Dans le deuxième passage, on voit se percuter de façon encore plus frappante, si j’ose dire, le réel et le virtuel, le didactique et le ludique. Après la réalisation du documentaire, l’équipe a décidé de concevoir « une expérience immersive et interactive à 360 degrés racontant le quotidien de Lady Sapiens » et destinée à être présentée, entre autres, dans le cadre du prestigieux Muséum national d’Histoire naturelle. L’une des scènes de cette “expérience” consiste à tailler virtuellement un silex. À nouveau sollicitée, la chercheuse Sophie Archambault de Beaune estime que les silex virtuels sont de trop grand format. Las, comme l’explique Déborah Papiernik, directrice des Alliances stratégiques chez Ubisoft, « les casques de réalité virtuelle sont accompagnés de manettes qui doivent permettre de reproduire le geste de taille d’un silex […]. Or, les dimensions de ces manettes sont telles que, lorsque le silex virtuel est trop petit, l’utilisateur les entrechoque, au risque de les casser. Avec ces équipements, nous nous heurtions donc à une impossibilité technique. Soit nous supprimions la scène, ce qui eut été regrettable, soit la paléontologue nous autorisait une entorse à la vérité scientifique en nous permettant d’augmenter la taille des silex, ce qu’elle nous a accordé ». Obliger les pauvres hères du Paléolithique à s’escrimer sur des silex trop volumineux pour leur permettre d’accomplir des tâches vitales sous prétexte que leurs lointains descendants risquent, en s’amusant, de casser les manettes de leurs coûteux jeux vidéo ne peut que susciter un sentiment de révolte contre cette criante injustice sociale.

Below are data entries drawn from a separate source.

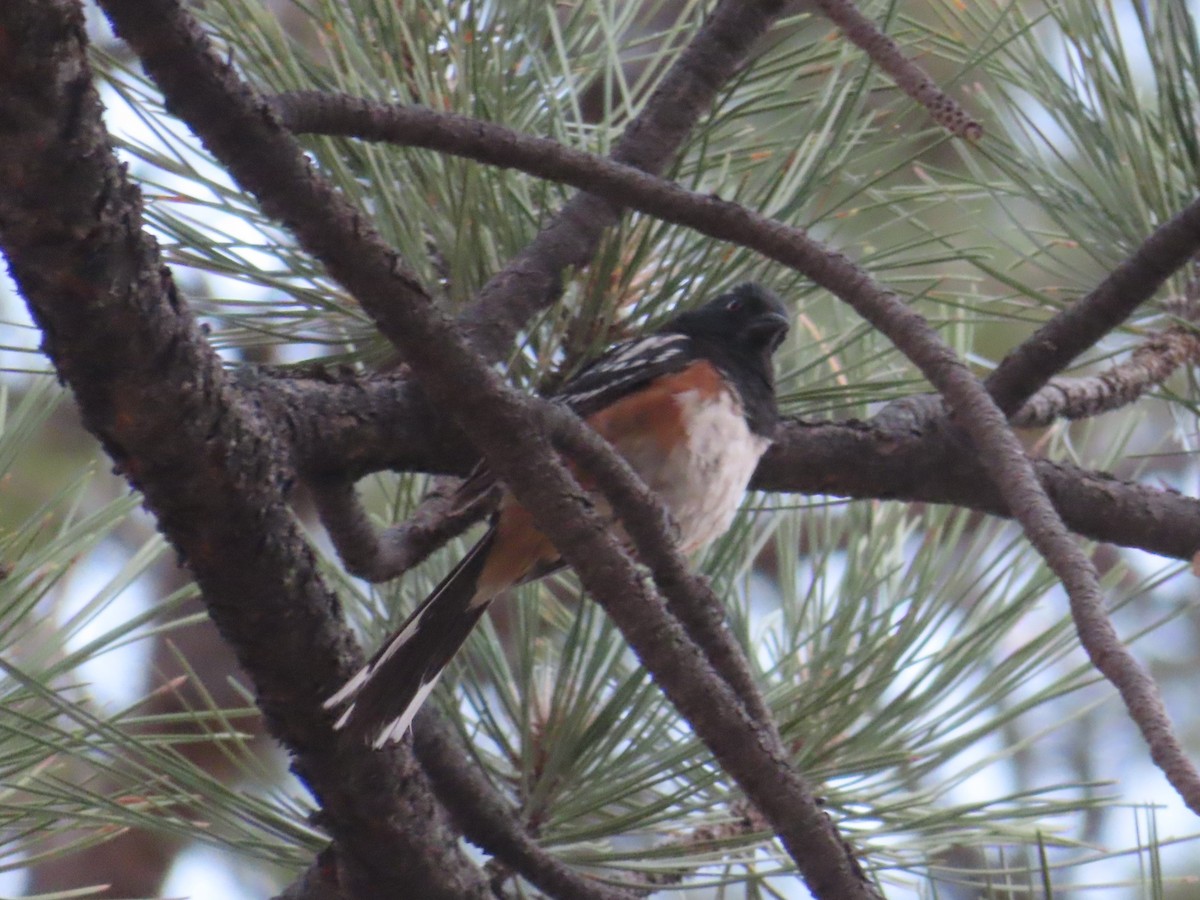 Spotted Towhee - ML620727154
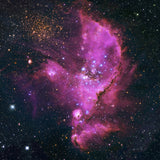 Stingray (NGC 346)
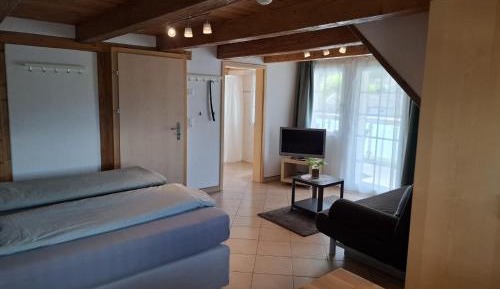 Double Room with Mountain View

Faut-il se réjouir qu’un documentaire à vocation didactique puisse bénéficier de la splendeur des images fabriquées pour un jeu vidéo, de même que l’on tente de se consoler des sommes faramineuses englouties dans les recherches menées à des fins militaires en faveur des retombées utiles qu’elles peuvent avoir pour la société civile ? Faut-il, au contraire, s’alarmer des “vérités alternatives” susceptibles de se faufiler dans cet exercice d’équilibriste entre réalité et fiction ? Je repars faire un petit tour au soleil à dos de hibou : cela me permettra de prendre un peu de hauteur pour y réfléchir.